▶ **WHAT THE TASK REQUIRES**: Every line in the data below has to be repeated exactly; no picture belongs in the result.

▶ **DATA RECORDS**:
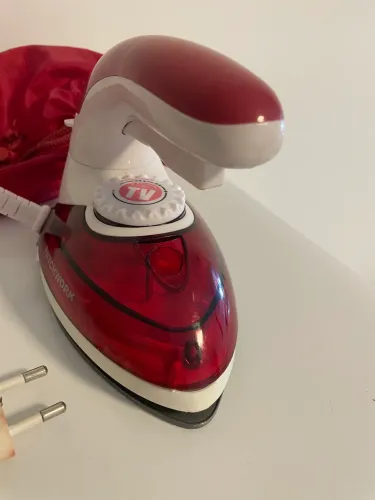 Mini ferro de passar para viagem 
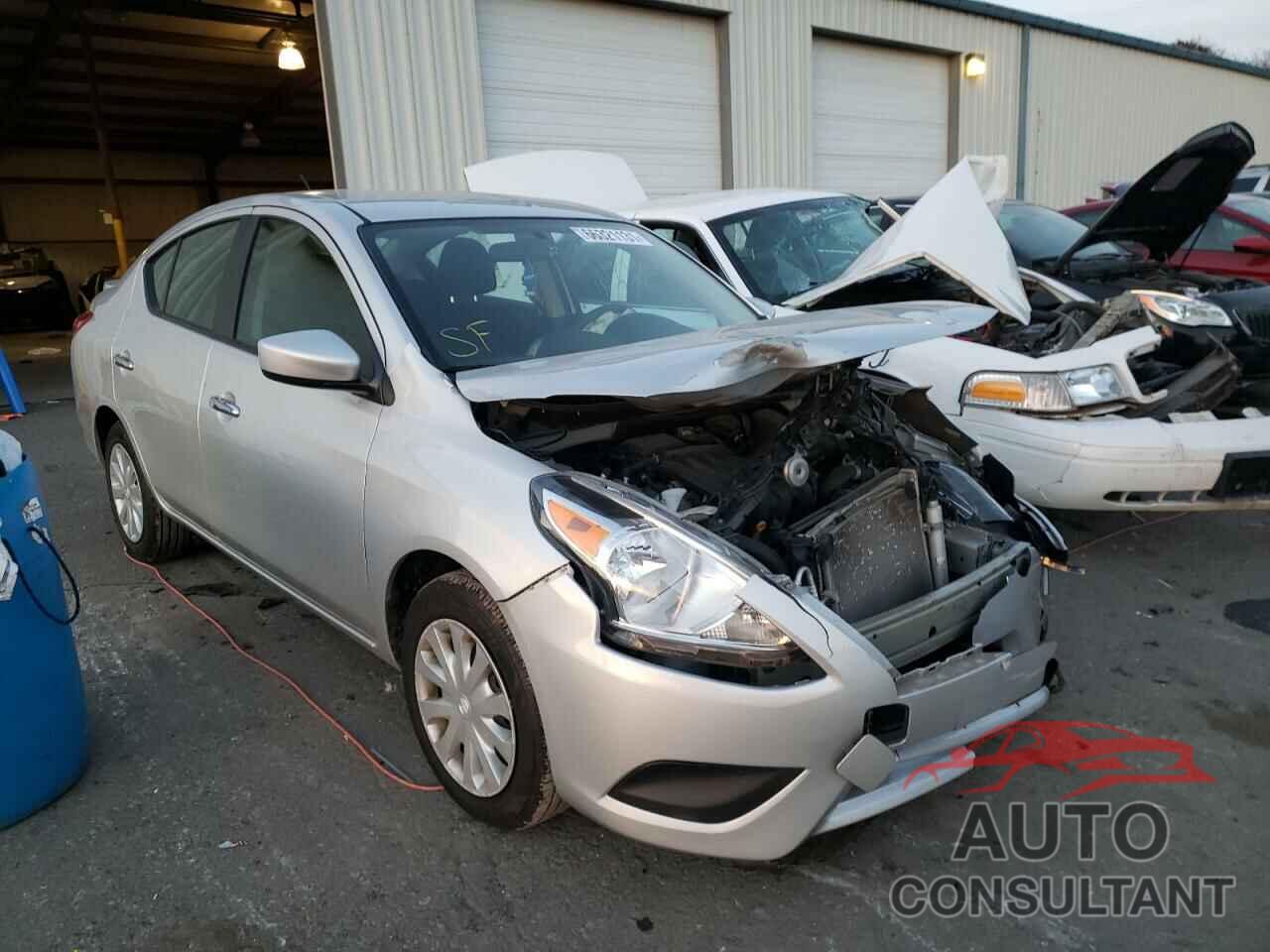 NISSAN VERSA 2018 - 3N1CN7AP2JL850013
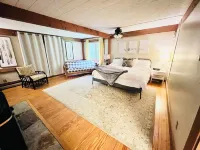 Spacious + Private Ski Lodge on 20+ Acres - 10 min to Stratton, 5 min to Bromley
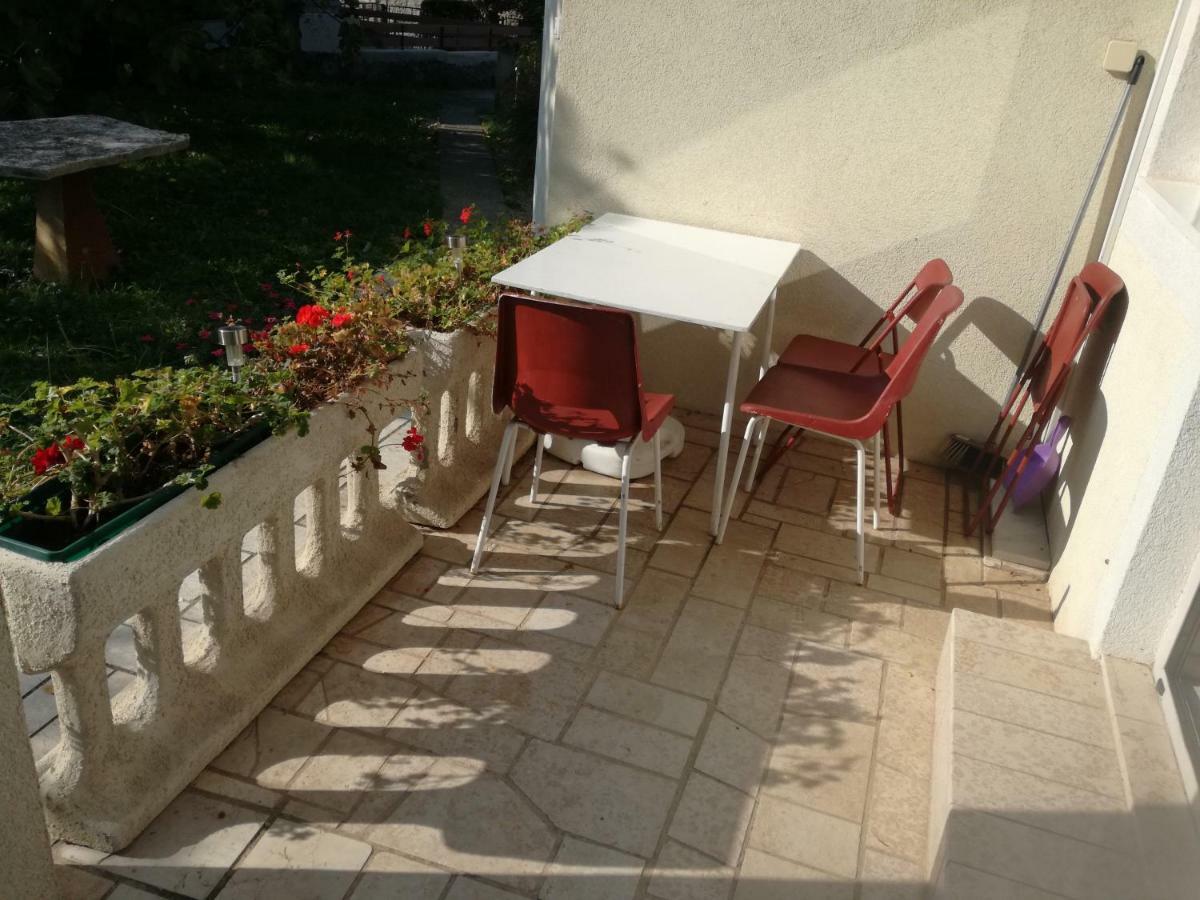 Apartmani Marijana Selce Esterno foto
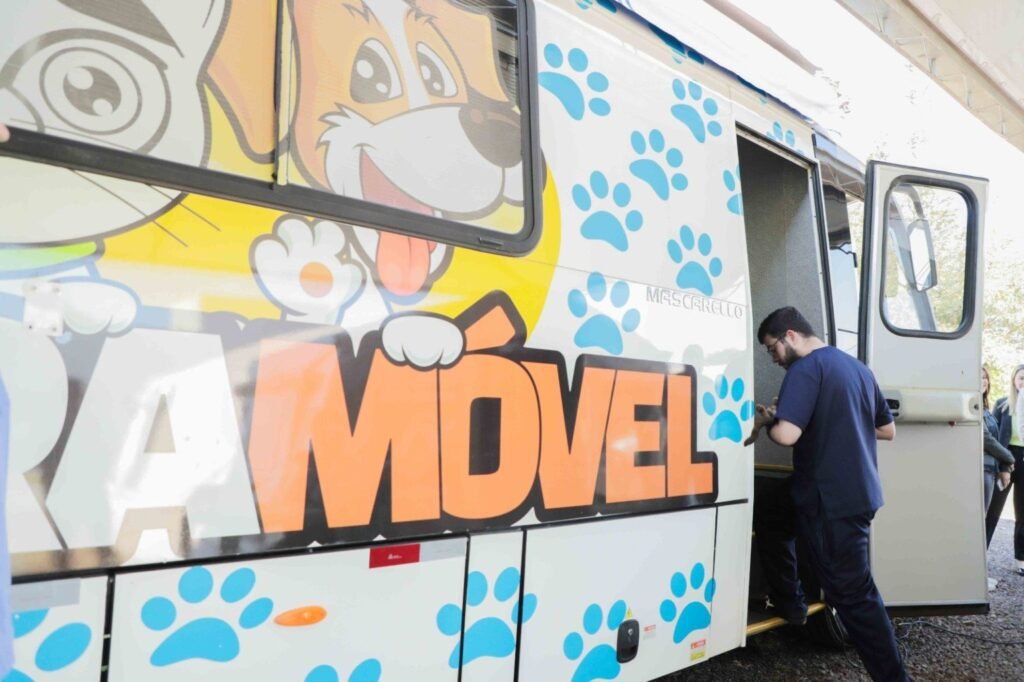 Castramóvel conclui 100 castrações de cães e gatos no Riviera Castramóvel encerra cirurgias no Riviera com cerca de 100 castrações em cães e gatos - O Paraná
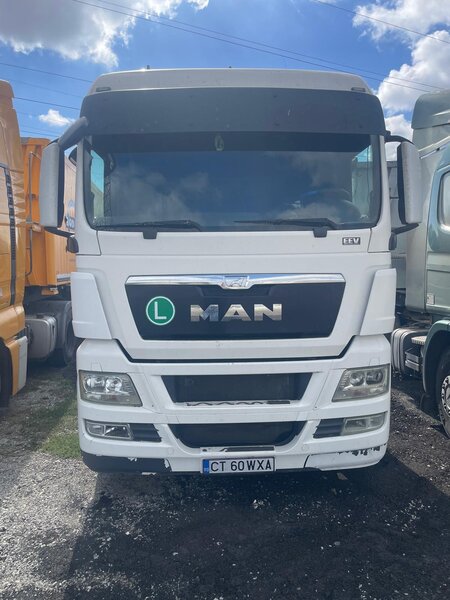 Vanzare cap tractor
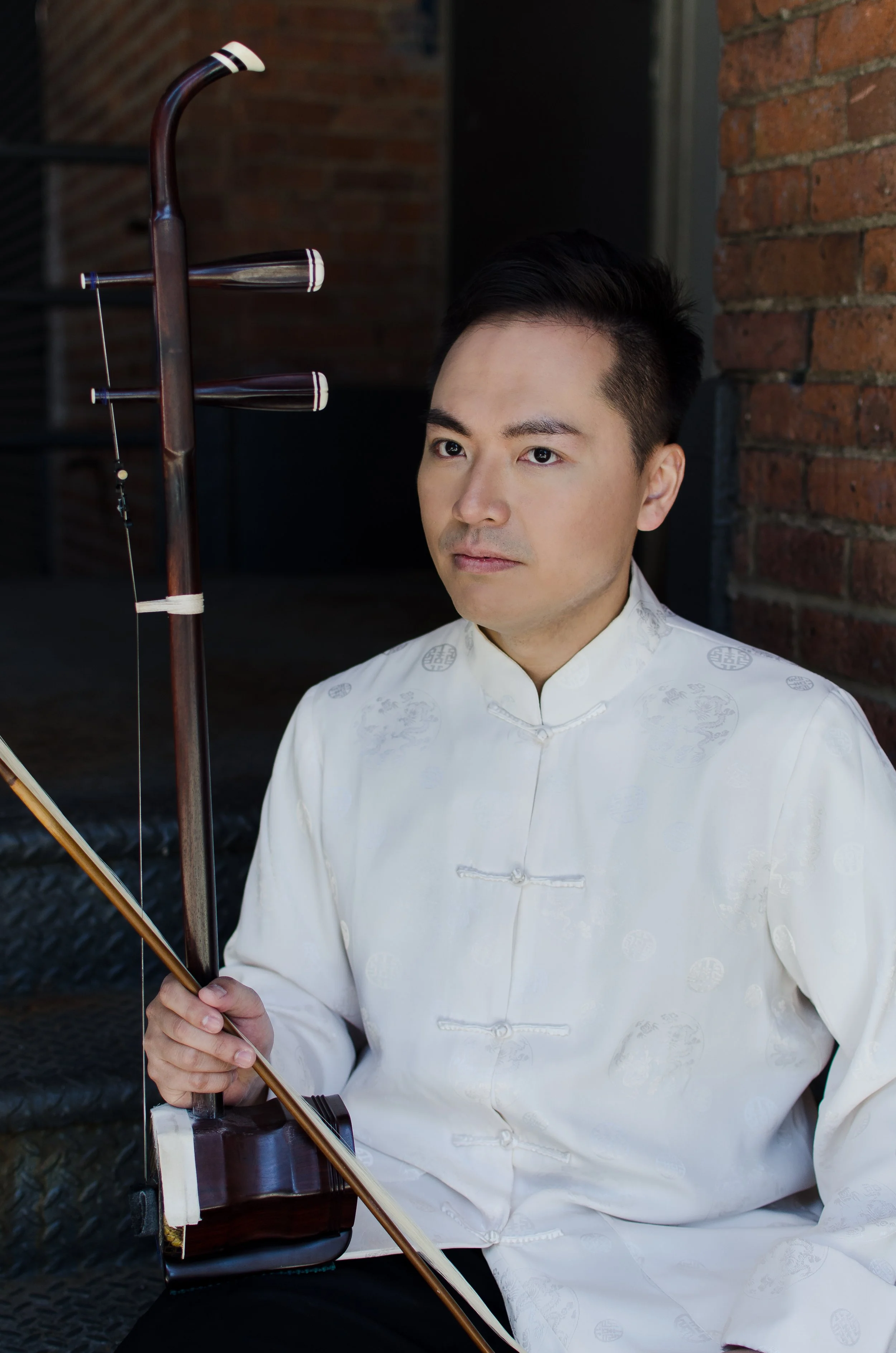 Andy Lin, erhu and viola - NYC-based, Juliard-graduate - Threaded Resonance musician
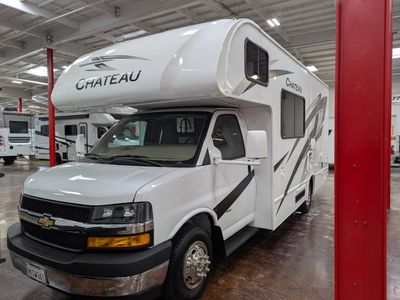 2024 Thor Motor Coach Chateau — photo 12 view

▶ **WORKED SOLUTION**:
 Mini ferro de passar para viagem 
 NISSAN VERSA 2018 - 3N1CN7AP2JL850013
 Spacious + Private Ski Lodge on 20+ Acres - 10 min to Stratton, 5 min to Bromley
 Apartmani Marijana Selce Esterno foto
 Castramóvel conclui 100 castrações de cães e gatos no Riviera Castramóvel encerra cirurgias no Riviera com cerca de 100 castrações em cães e gatos - O Paraná
 Vanzare cap tractor
 Andy Lin, erhu and viola - NYC-based, Juliard-graduate - Threaded Resonance musician
 2024 Thor Motor Coach Chateau — photo 12 view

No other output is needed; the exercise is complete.